# [Task directions]
Pictures stay out of the copy. Transcribe exactly, and only, the line with "Acer B277 27" through the last line of the entries below.

# [Record excerpts]
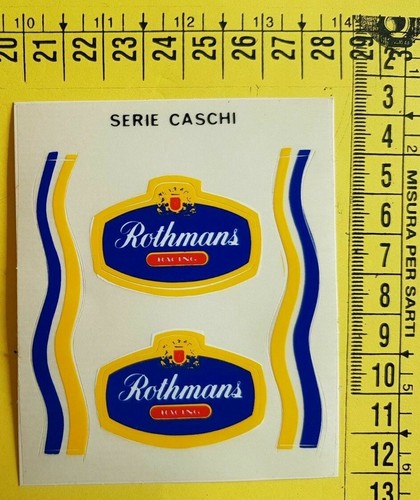 For helmets rothmans - for,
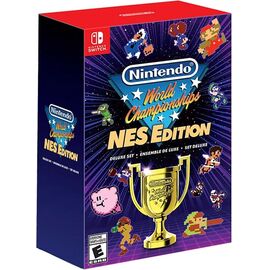 Nintendo World Championships: NES Edition (Deluxe Set) (Import) / Nintendo Switch | Techbox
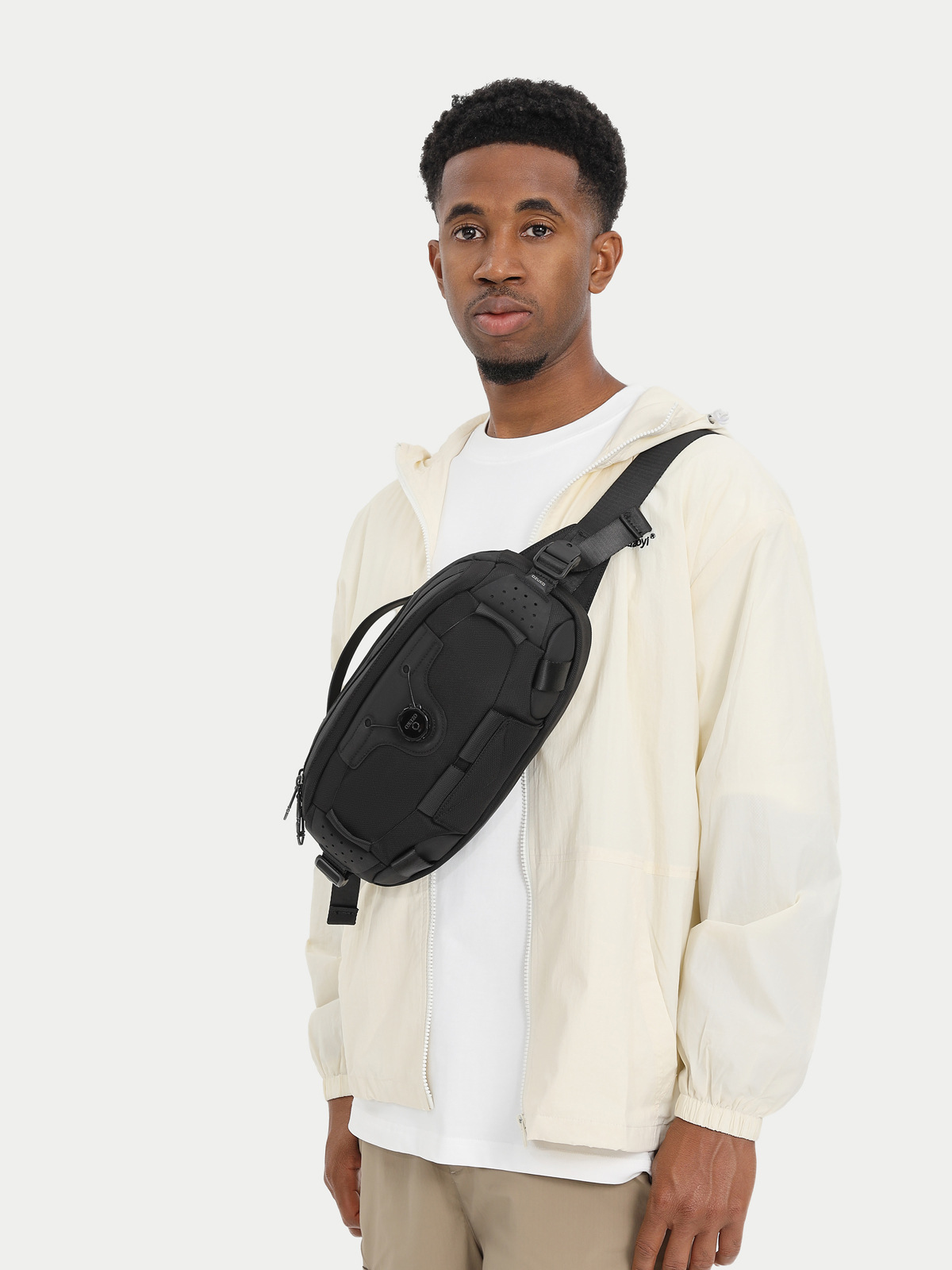 OZUKO Multi-function Chest Bag - đánh giá và giá Men'S Fashion Bag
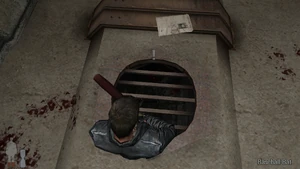 Frankie Niagara 6.png (4.15 MB) A sewer passage filled with the bodies of Frankie's former "playmates" and a "Baseball Bat-Boy" comic strip.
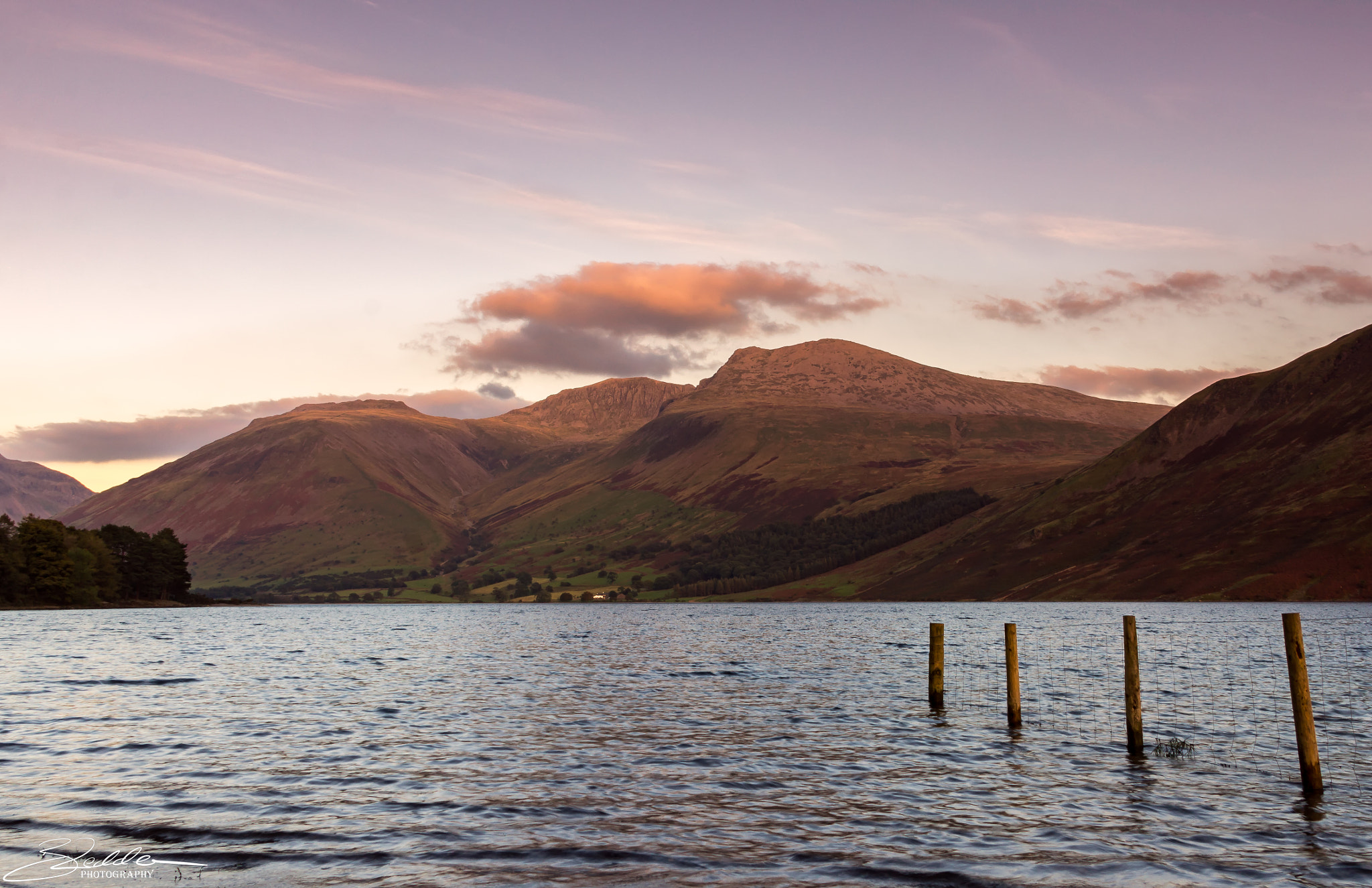 Canon EOS 60D sample photo. Wastwater sunset, photography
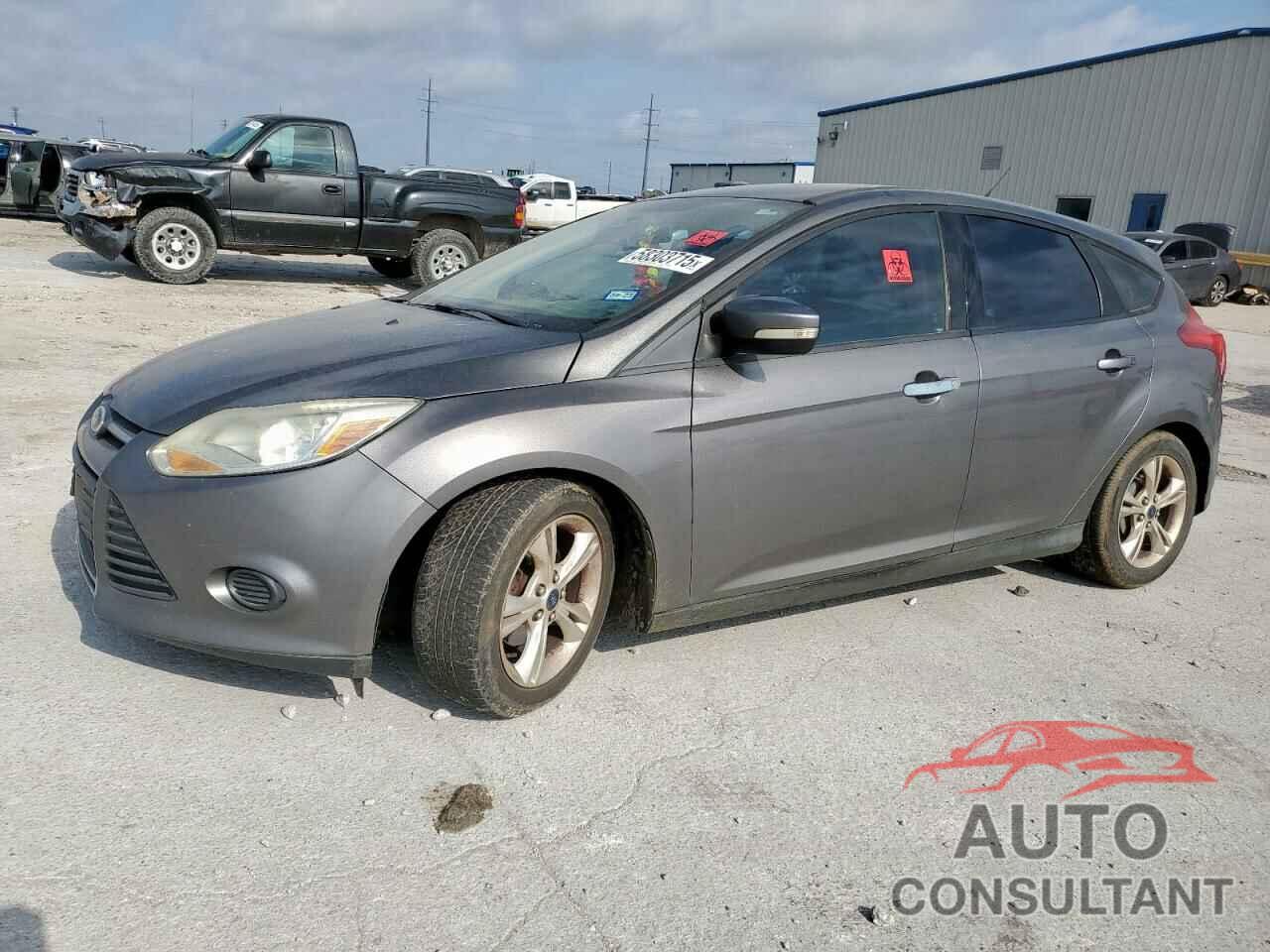 FORD FOCUS 2014 - 1FADP3K22EL161507
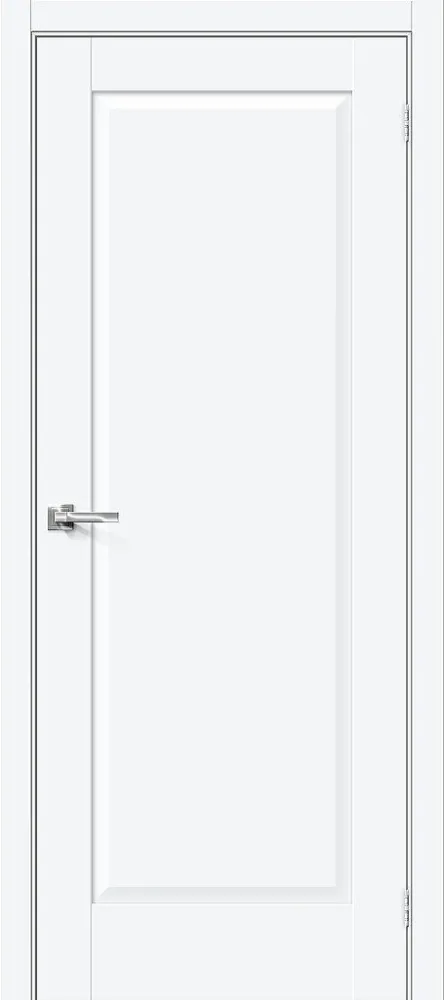 Фото Межкомнатная дверь Прима-10 White Silk BR5532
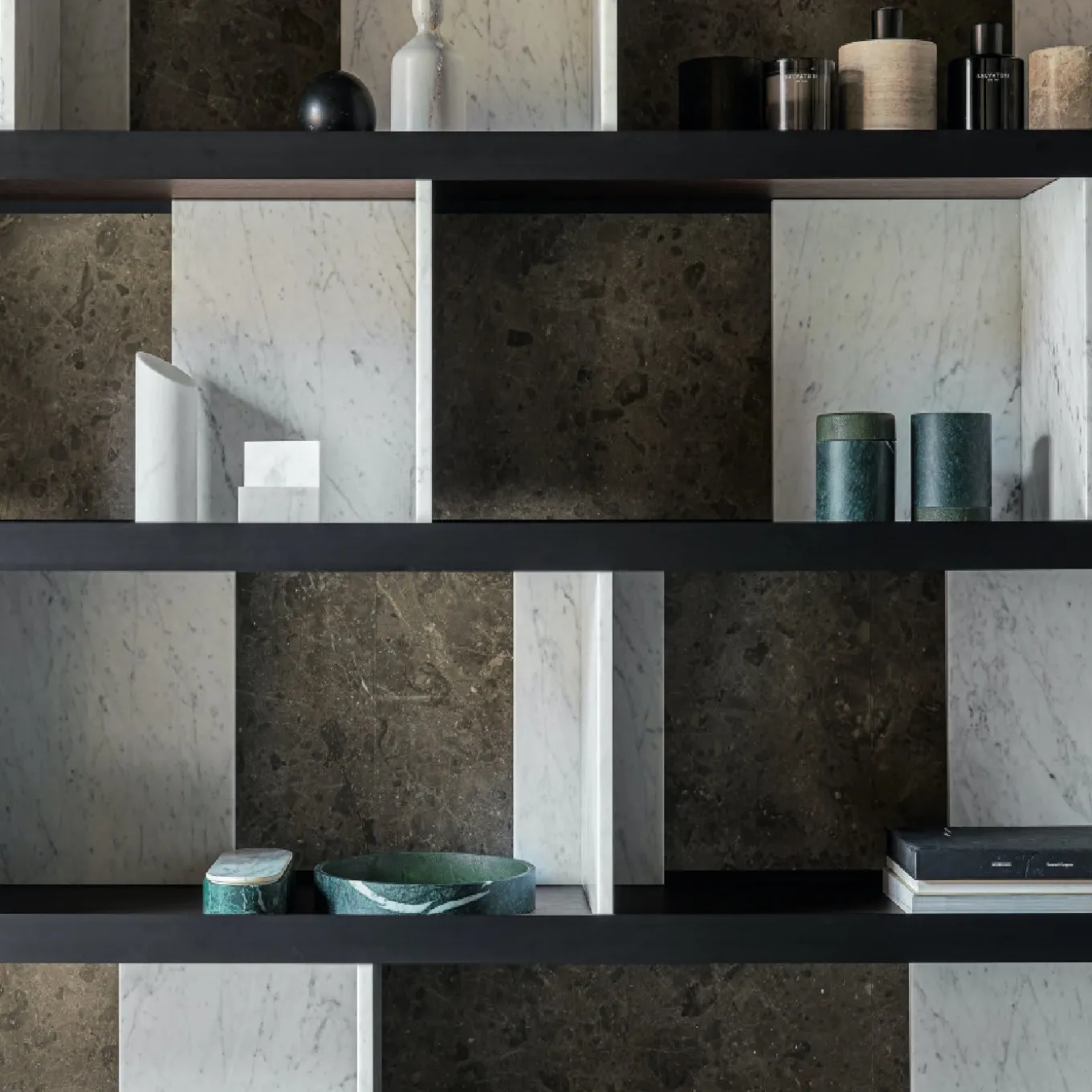 Colonnata Bookcase by Piero Lissoni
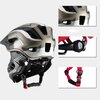 Kask rowerowy ROCKBROS TT-32SBTG-S Szary dla Dzieci (rozmiar S) Technologie 12 otworów wentylacyjnych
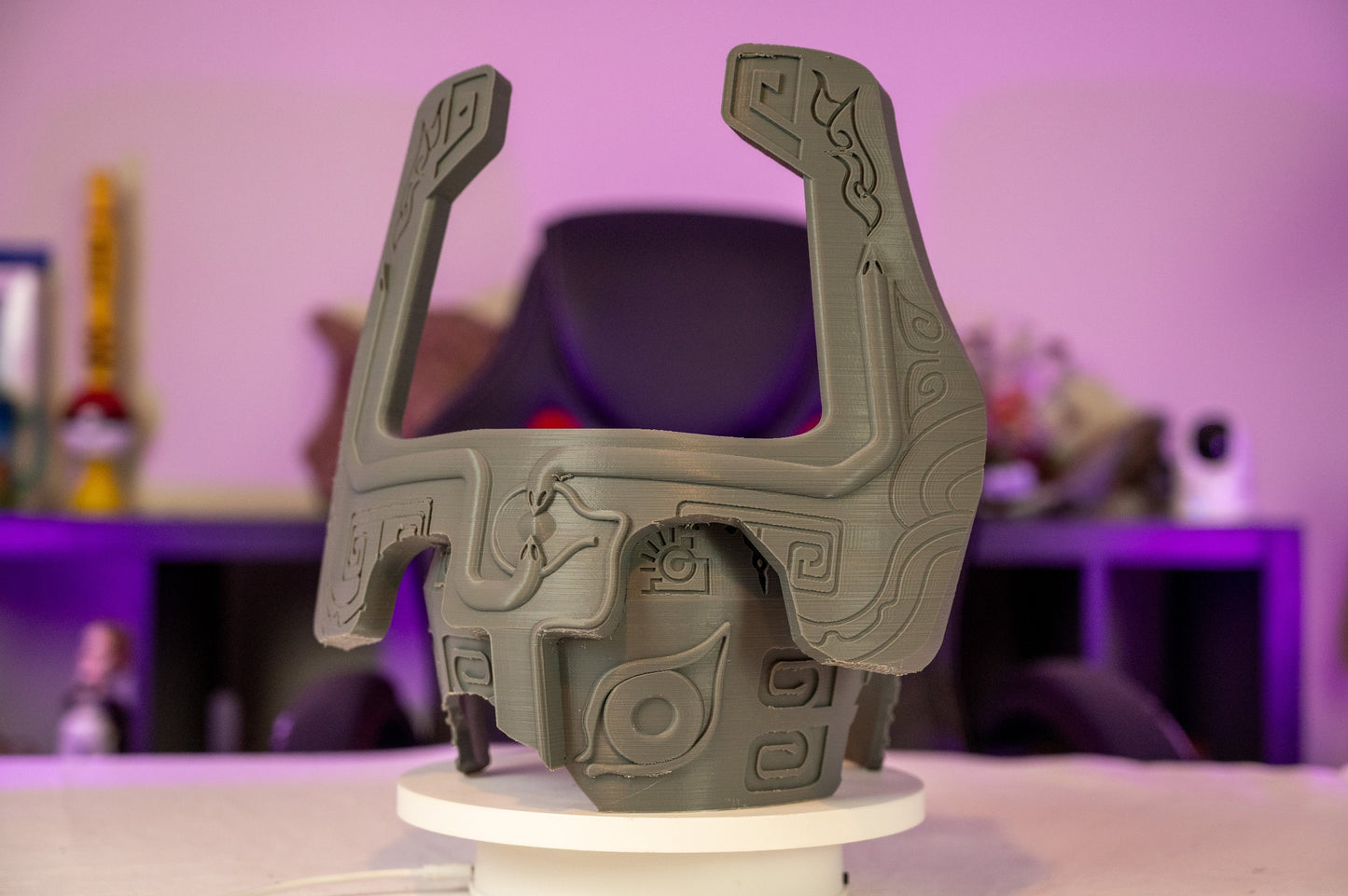 Zelda Cosplay Twilight Princess Midna Helmet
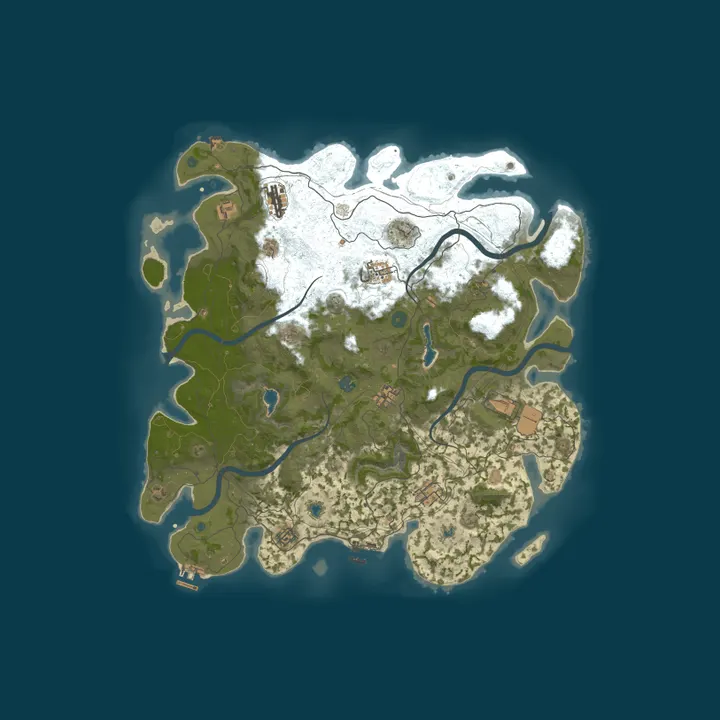 Map of thegibson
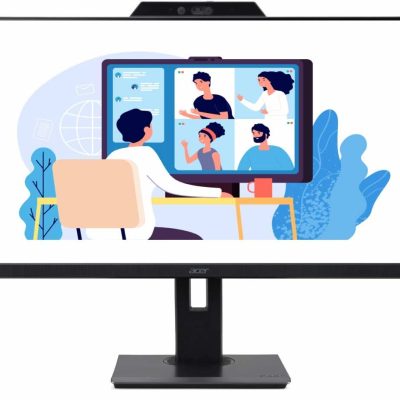 Acer B277 27 Inch Full Hd Led Monitor With Fhd Webcam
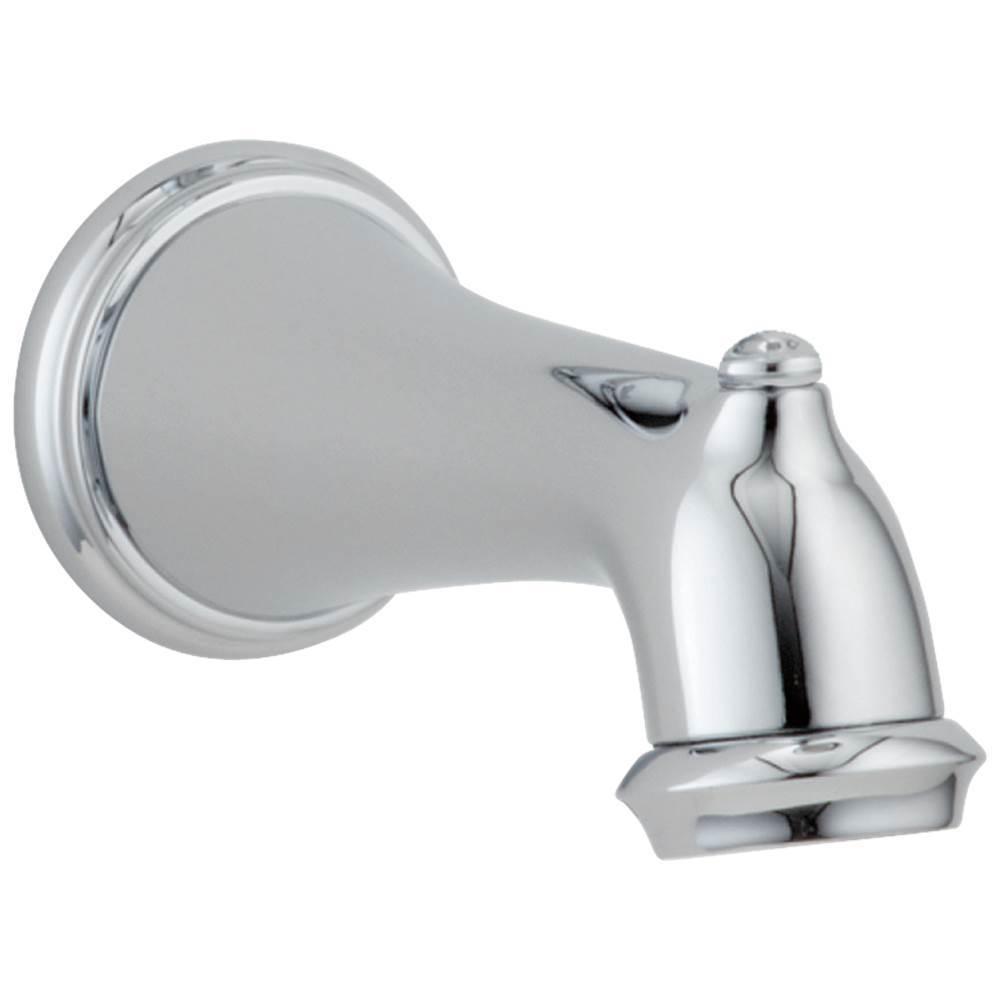 DELTA® Victorian® RP43028 Non-Diverter Tub Spout, 1/2 in, Sweat, Metal, Chrome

# [Completed task]
 Acer B277 27 Inch Full Hd Led Monitor With Fhd Webcam
 DELTA® Victorian® RP43028 Non-Diverter Tub Spout, 1/2 in, Sweat, Metal, Chrome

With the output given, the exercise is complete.